PARIS, Oct 22 (IslamOnline & News Agencies) - The French and Italian governments say they are reacting to a recent resurgence of anti-Muslim sentiment. 

On Sunday, the French government announced that had hastened a major reform of the nation's Islamic institutions, with the aim of setting up a single, democratically elected structure for the nation's five million Muslims.

Consultations launched two years ago between the government and a dozen Islamic organizations were accelerated in the wake of the September 11 attacks. Elections for a new "French Council for the Muslim Religion" may be held within the coming months.

Discussions on possible elections between the Ministry of Interior and the "consultative committee" of leading Muslims are scheduled for Wednesday.

The Islamic council would replicate the bodies that represent the Catholic, Protestant and Jewish faiths in France, and replace the multiplicity of different groups - many of them bound by loyalty and funding to foreign countries - that currently speak for French Muslims.

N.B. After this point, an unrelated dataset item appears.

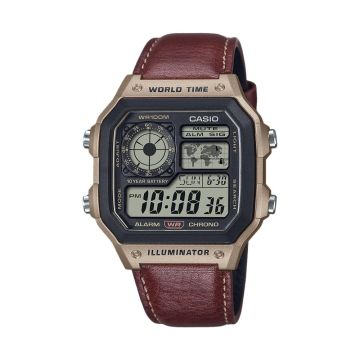 Leather Strap Casio Mens Watch Vintage Design Brown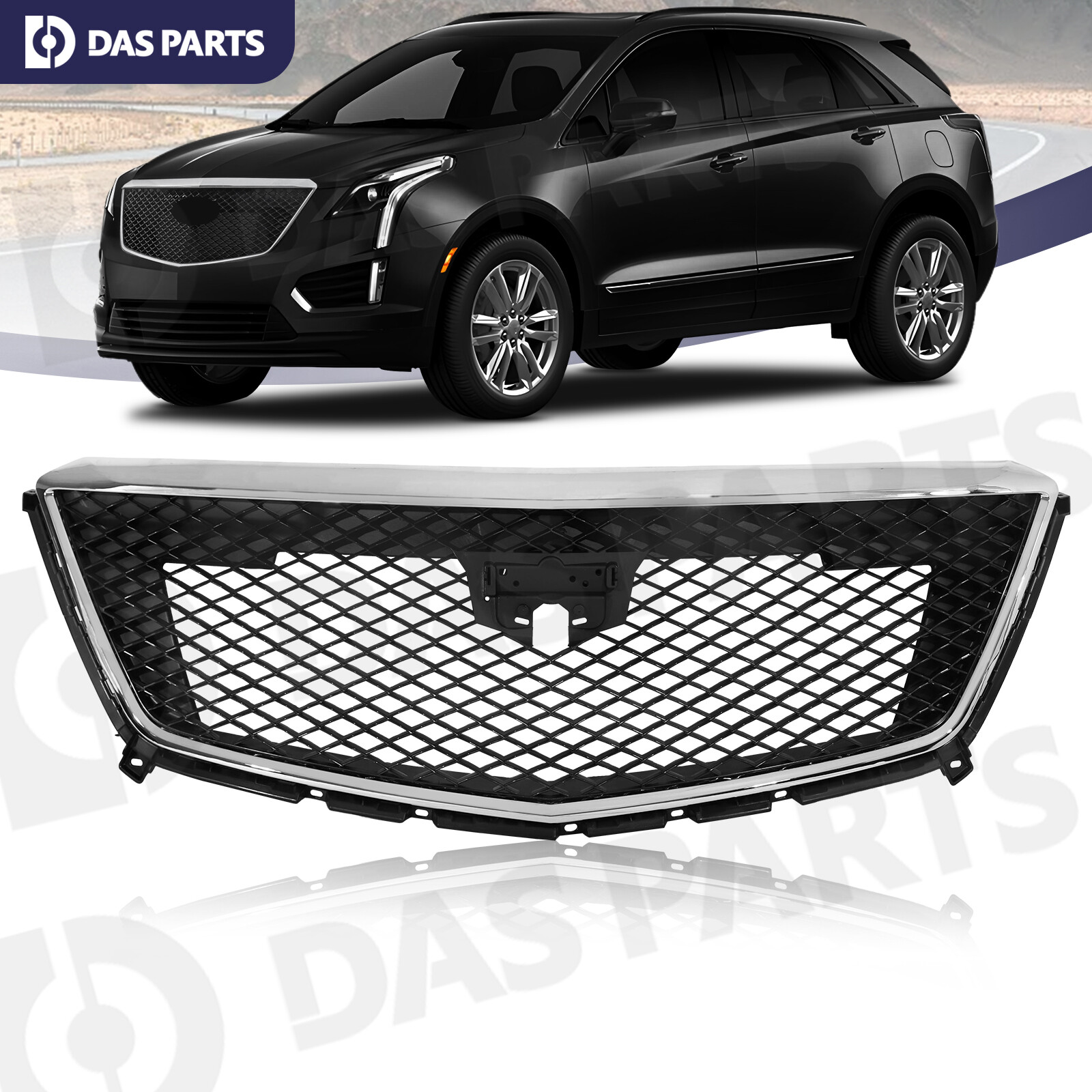 Front Bumper Grille Grill Mesh w/Chrome Molding Trim For Cadillac XT5 ...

Meanwhile, the National Republic Movement (MNR) is also asking the French government to expel Muslims from France. Party chief Bruno Megret is a French presidential candidate.

The MNR severely criticized the government for commemorating the death of the 200 Algerians who were massacred in France in 1961, saying that it should instead be honoring the French who died in that war. 

The party, whose website has a picture of a crossed out minaret, aims to eliminate any Islamic presence on French soil and wants to reactivate capital punishment in France against terrorists. 

MNR wants to stop immigration (Muslim) into France and says that the best way to combat terrorism is to stop the "Islamization" of France. 

In Italy, members of the Northern League Party in Italy demonstrated Friday in front of the Islamic Cultural Institute in Milan, demanding that their government expel Muslims living in Italy. 

Last week, a high-ranking member of the Northern League called for Muslims to be barred temporarily from entering the country.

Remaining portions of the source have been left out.